PROBLEM: Once the line with "Carhartt Workwear Ulkoilutakit^Carhartt" is reached, output it and every line after it, exactly, through the end of the records below. Pictures are skipped.

Web page caption snippets:
'''
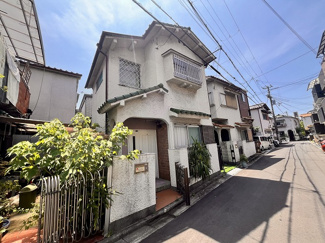 【外観】 | 千代田2丁目貸家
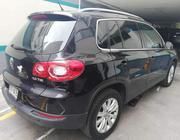 Volkswagen Tiguan • 2010 • 74,000 km 11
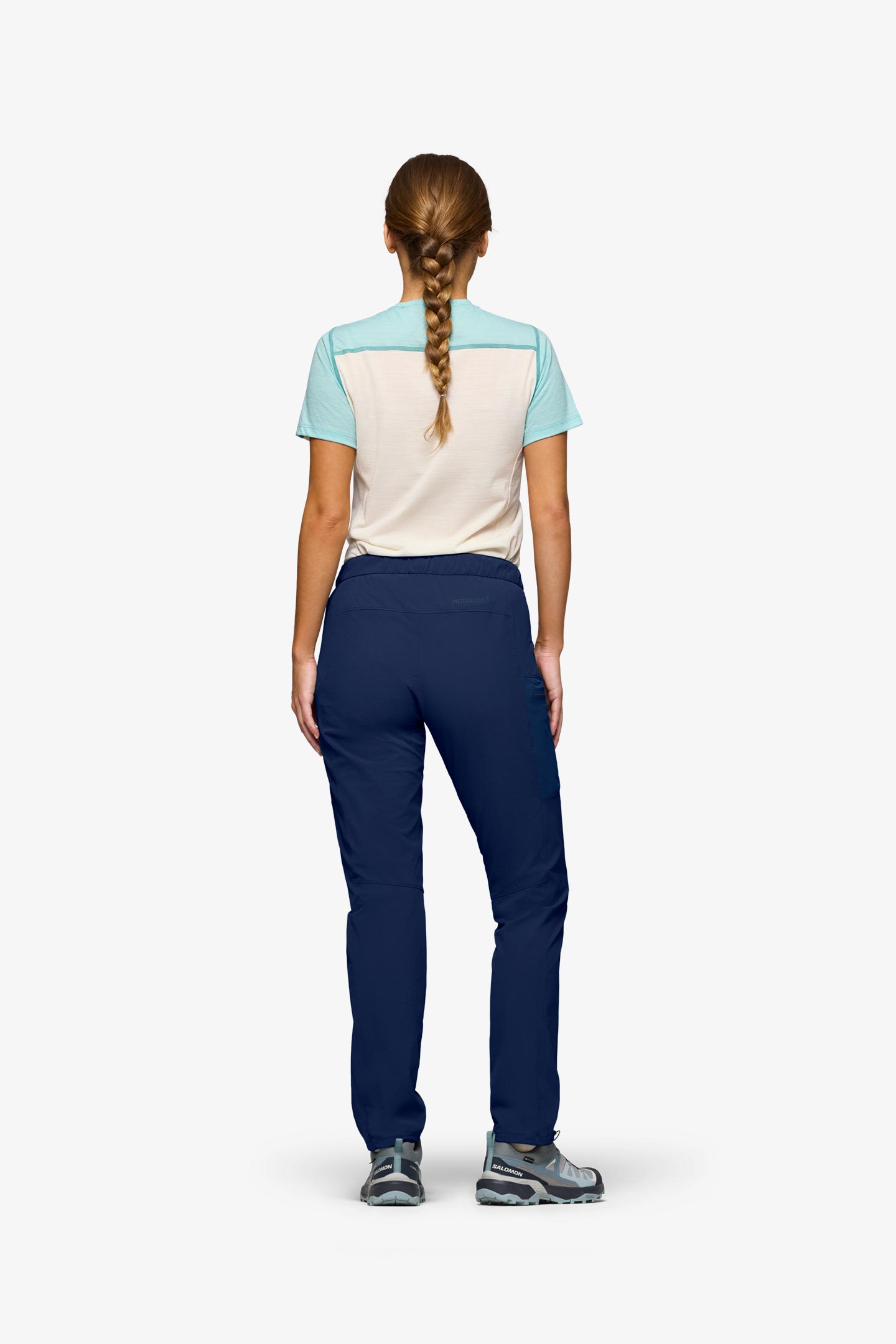 falketind flex1 light Pants (W) | フルマークスストア-北欧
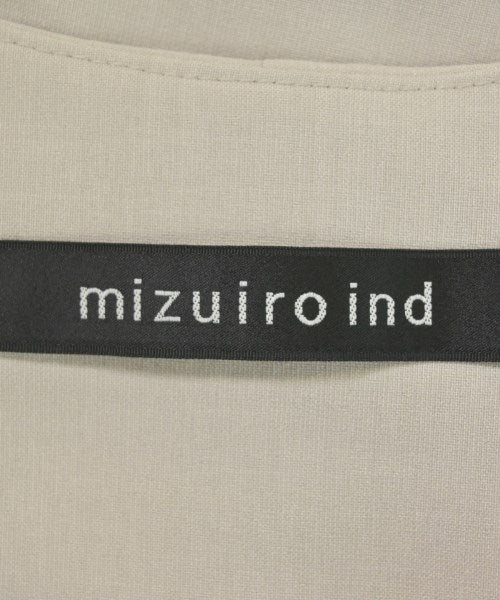 mizuiro ind 外套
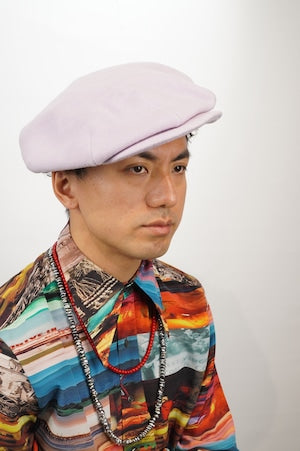 SHAMS of TOKYO/ Pan Cake Cap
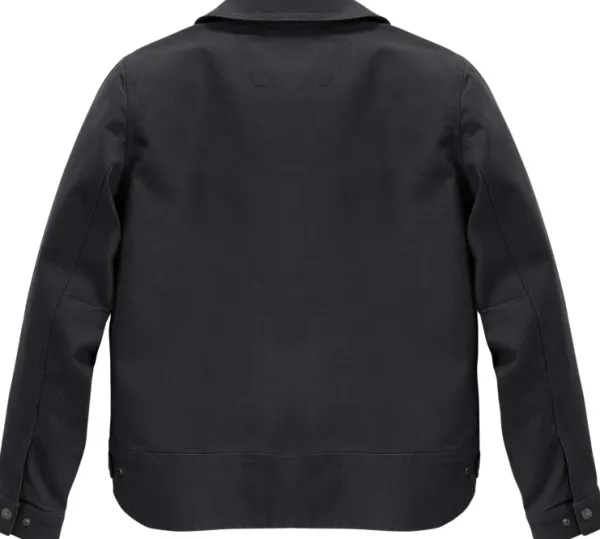 Carhartt Workwear Ulkoilutakit^Carhartt M's Duck Relaxed Fit Jacket Black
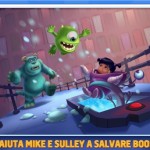 Disney pubblica nuove espansioni dei giochi Toy Story Smash It e Monsters Co Run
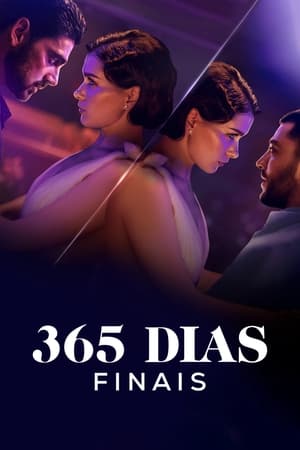 365 Dias Finais (2022) Torrent Dublado e Legendado - Poster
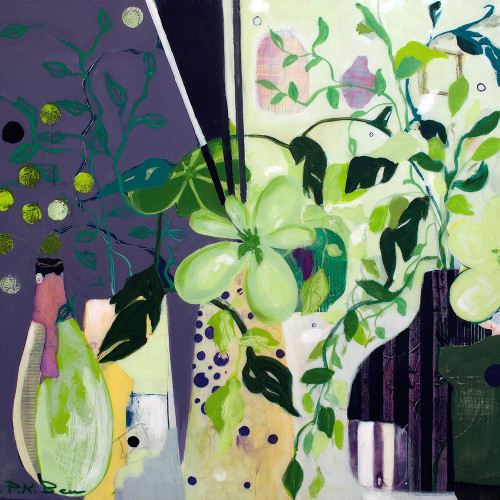 Constance Poster Print by Pamela K. Beer # B3831D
'''
SOLUTION BELOW:
 Carhartt Workwear Ulkoilutakit^Carhartt M's Duck Relaxed Fit Jacket Black
 Disney pubblica nuove espansioni dei giochi Toy Story Smash It e Monsters Co Run
 365 Dias Finais (2022) Torrent Dublado e Legendado - Poster
 Constance Poster Print by Pamela K. Beer # B3831D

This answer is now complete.